## Brief
Copy every line of the data exactly, keeping out any picture.

** Opening Listed entries block **

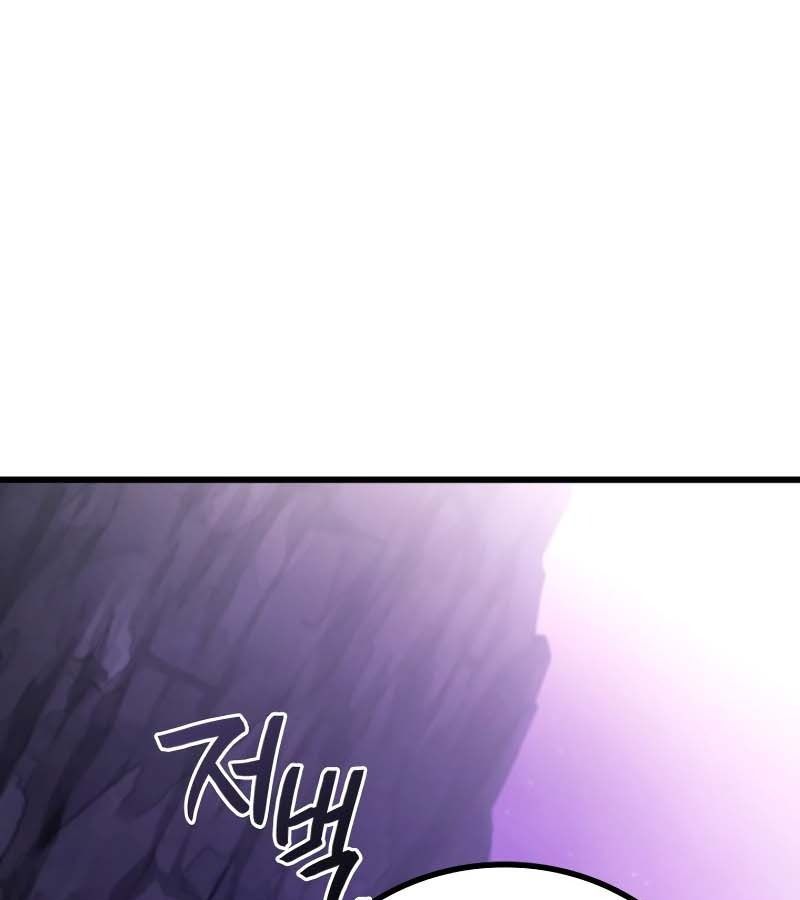 Võ Thần Hồi Quy Cấp 2 - Chapter 91 - Page 26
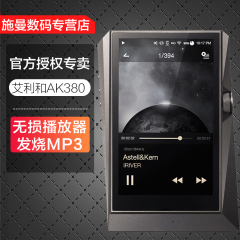 【咨询特价】艾利和 AK380 HiFi便携发烧无损DSD音乐播放器mp3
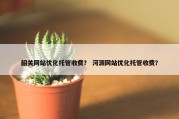 韶关网站优化托管收费？ 河源网站优化托管收费？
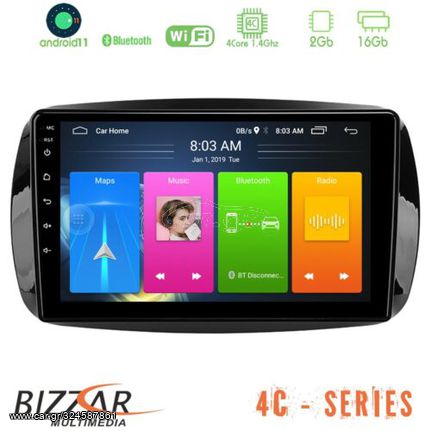 Bizzar Smart 453 4core Android11 2+16GB Navigation Multimedia Tablet 9″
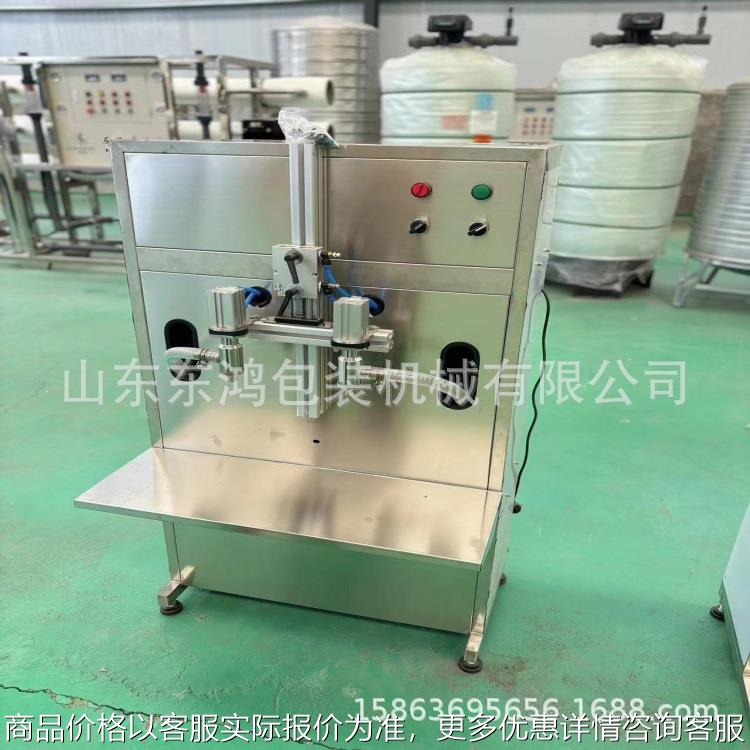【厂家现货】小型灌装机 食用油玻璃水白酒 1-5升定量灌装机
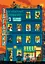 Загадки на кожному поверсі. Том 2 - мініатюра 1
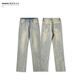 Jiaye (JIAYE) From Mars Old and Retro Washed Yellowed Straight Jeans National Trendy Ins Street BF Trousers TC-723# Yellow Mud Color (Small Waist Circle Can be Optional) S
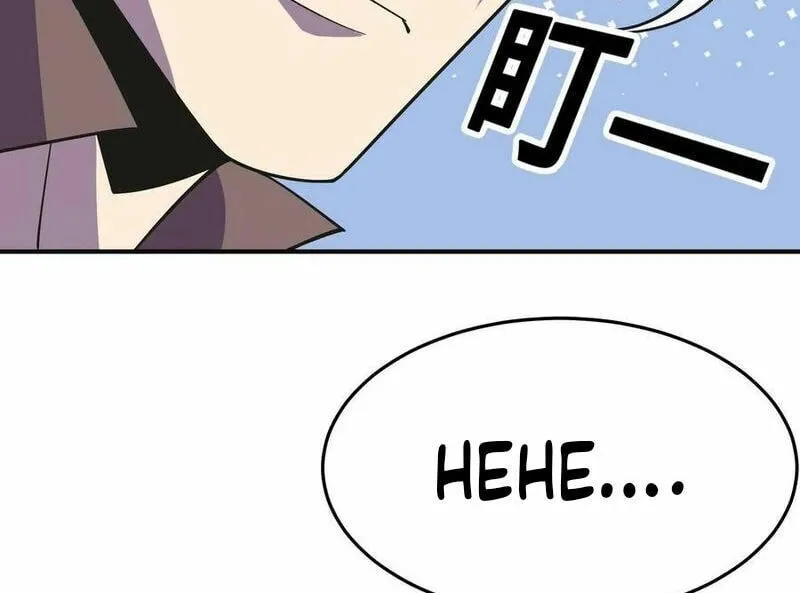 Read Leveling Up By Killing Gods chapter 11 image 24 on Lezhin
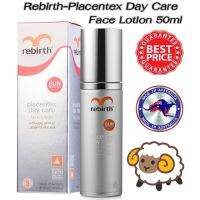 Rebirth-Placentex Day Care Face Lotion 50ml เซรั่มรกแกะ สูตรเข้มข้น - ของออสเตรเลียแท้100%ส่งสินค้า ภายใน3วันทำการ หรือ เร็วกว่า ไม่รับงานรีบเร่ง เด้อจ้าาาา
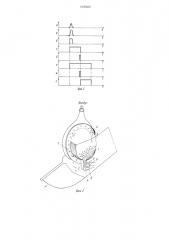 Дозирующее устройство для семян (патент 1235462)
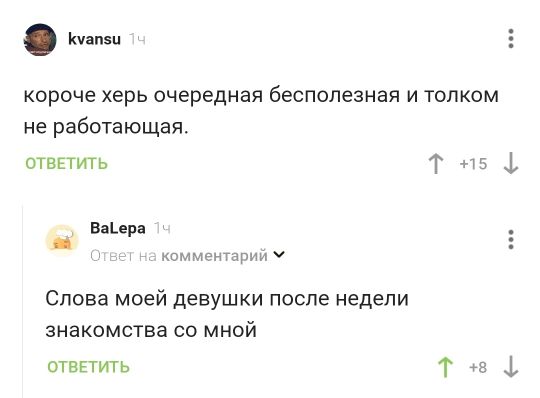 Забавные комментарии из социальных сетей 25.10.21
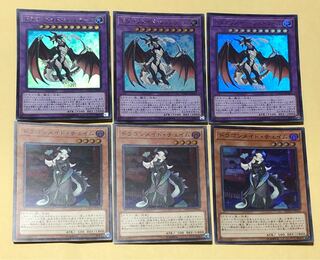 Yu-Gi-Oh 3 each Chamber Dragonmaid Super Shtraal Ultra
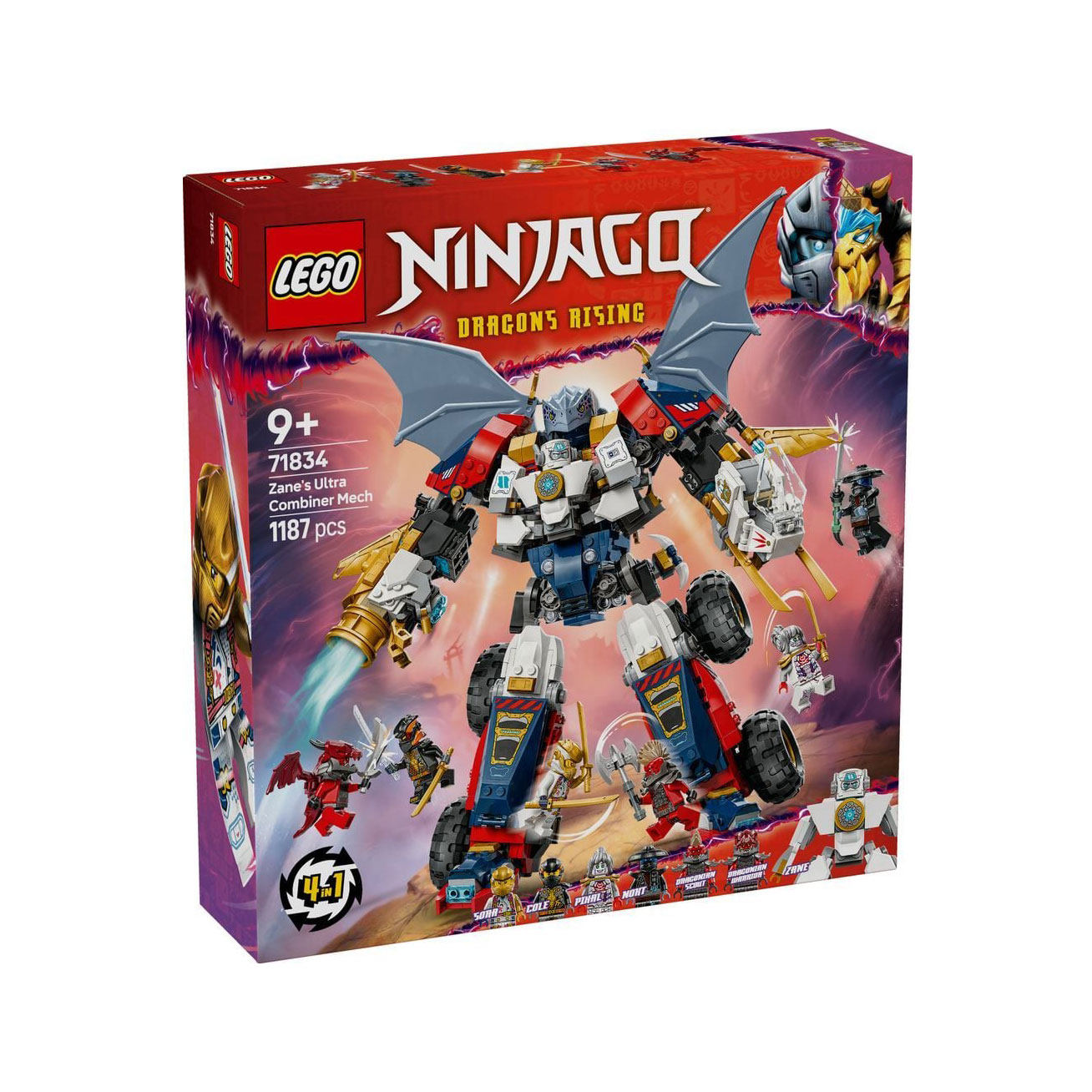 LEGO乐高幻影忍者71834赞的高科技组合式机甲儿童拼搭积木新玩具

** Closing Listed entries block **

## Output of the exercise
 Võ Thần Hồi Quy Cấp 2 - Chapter 91 - Page 26
 【咨询特价】艾利和 AK380 HiFi便携发烧无损DSD音乐播放器mp3
 韶关网站优化托管收费？ 河源网站优化托管收费？
 Bizzar Smart 453 4core Android11 2+16GB Navigation Multimedia Tablet 9″
【厂家现货】小型灌装机 食用油玻璃水白酒 1-5升定量灌装机
 Загадки на кожному поверсі. Том 2 - мініатюра 1
 Jiaye (JIAYE) From Mars Old and Retro Washed Yellowed Straight Jeans National Trendy Ins Street BF Trousers TC-723# Yellow Mud Color (Small Waist Circle Can be Optional) S
 Read Leveling Up By Killing Gods chapter 11 image 24 on Lezhin
 Rebirth-Placentex Day Care Face Lotion 50ml เซรั่มรกแกะ สูตรเข้มข้น - ของออสเตรเลียแท้100%ส่งสินค้า ภายใน3วันทำการ หรือ เร็วกว่า ไม่รับงานรีบเร่ง เด้อจ้าาาา
 Дозирующее устройство для семян (патент 1235462)
 Забавные комментарии из социальных сетей 25.10.21
 Yu-Gi-Oh 3 each Chamber Dragonmaid Super Shtraal Ultra
 LEGO乐高幻影忍者71834赞的高科技组合式机甲儿童拼搭积木新玩具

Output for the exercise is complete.